語学力の維持向上のため、業務の合間にこれを行うことは厳しいものですが、国際捜査官として業務に貢献出来ることにやりがいを感じ、日々、時間を見つけて学習するようにしています。船内において、国際捜査官としての仕事は、自分にしかできない業務であることから、誇りを持って日々の業務に当たっています。
海上保安庁は発展途上国の海上安全、海上法執行に関する実務能力向上を目指すJICA技術協力プロジェクトを実施しています。JICA専門家として派遣された職員は、約3年間にわたり相手機関と綿密な連携を取りながら発展途上国の能力向上に向けた支援を行います。
海上保安官には、大使館や国際機関などの在外機関に外交官として出向する機会があります。
出向先の例としては、ロシア・中国・韓国等の近隣の国々に加え、東南アジア諸国や欧米等もあります。
捜査の現場において、科学的知識・技能を駆使して、留置された指紋や血液をはじめとする重要な証拠の採取・分析を行います。また、不自然な死を遂げたおそれのある遺体を認めたときには、死因や身元を明らかにするための検視又は調査を行います。
秋田海上保安部
鑑識官
齋藤 智尋
私は第二管区初の女性鑑識官として勤務しています。主な業務は、犯罪現場の初動捜査として指紋やDNA等を採取して証拠保全をする鑑識活動、遺体の死因や身元等を明らかにするための検視等が挙げられます。鑑識や検視は、失敗が許されず、繊細かつ緻密で正確な作業が求められます。現場最前線の鑑識官として、証拠を見つけ出し、犯罪の見逃しを防止するのはもちろんのこと、他の職員を指揮して捜査を遂行し、事件の全容を解明します。これからも、女性ならではの観察力を磨き、自分自身の知識や技術を向上させるべく、日々の業務に邁進しています。

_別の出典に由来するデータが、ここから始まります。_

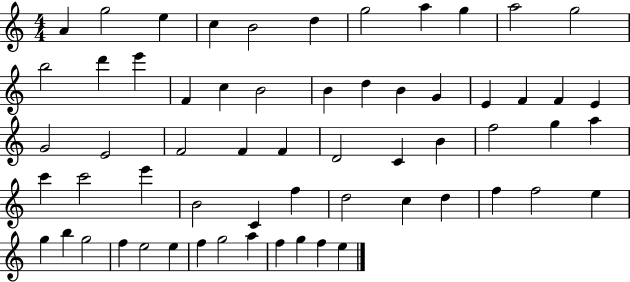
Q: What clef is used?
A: treble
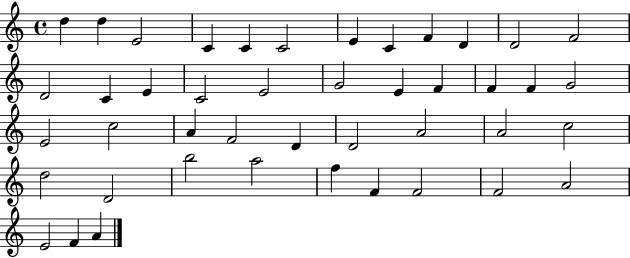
X:1
T:Untitled
M:4/4
L:1/4
K:C
d d E2 C C C2 E C F D D2 F2 D2 C E C2 E2 G2 E F F F G2 E2 c2 A F2 D D2 A2 A2 c2 d2 D2 b2 a2 f F F2 F2 A2 E2 F A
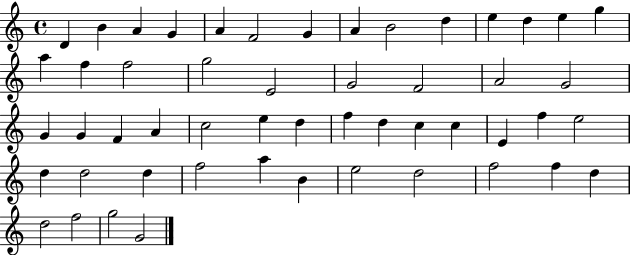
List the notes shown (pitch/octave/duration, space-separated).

D4/q B4/q A4/q G4/q A4/q F4/h G4/q A4/q B4/h D5/q E5/q D5/q E5/q G5/q A5/q F5/q F5/h G5/h E4/h G4/h F4/h A4/h G4/h G4/q G4/q F4/q A4/q C5/h E5/q D5/q F5/q D5/q C5/q C5/q E4/q F5/q E5/h D5/q D5/h D5/q F5/h A5/q B4/q E5/h D5/h F5/h F5/q D5/q D5/h F5/h G5/h G4/h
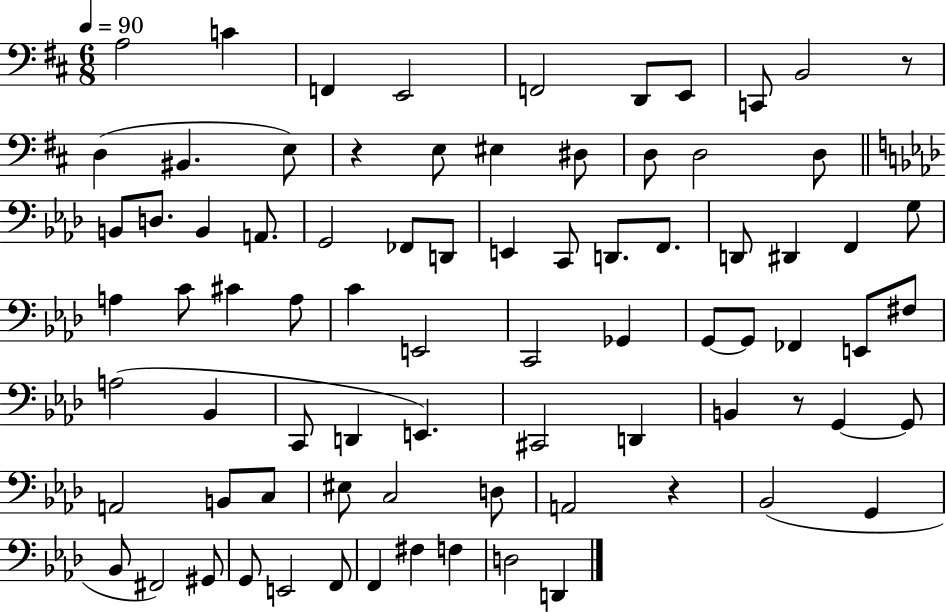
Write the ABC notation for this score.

海上保安庁では、1956年の巡視船「宗谷」による南極観測以来、隊員を派遣してきました。現在は、南極観測船「しらせ」による南極周辺の海底地形調査や潮汐観測を行う隊員1名を夏隊に派遣しています。
なお、2009年には、南極に派遣された調理担当の海上保安官をモデルにした映画「南極料理人」も製作され、当庁も協力しました。
南極での観測作業
海洋防災調査官は、海溝型地震の評価・予測に資するため、将来の海溝型地震の発生が懸念されている南海トラフ等において海底地殻変動観測を実施しています。また、港湾を対象に津波のシミュレーションを行い、予想される津波の到達時間や波高等を「津波防災情報図」として提供しています。さらに、火山噴火による船舶の被害を防止するため、海域火山の監視観測等も行っています。
海域火山観測の様子
多様化する海上保安業務に対応するためには、国内外の関係機関との連携は極めて重要です。海上保安庁では、関係機関との人事交流を推進し、広い見識を備えた海上保安官の育成に努めるほか、さらなる関係機関との連携強化を進めています。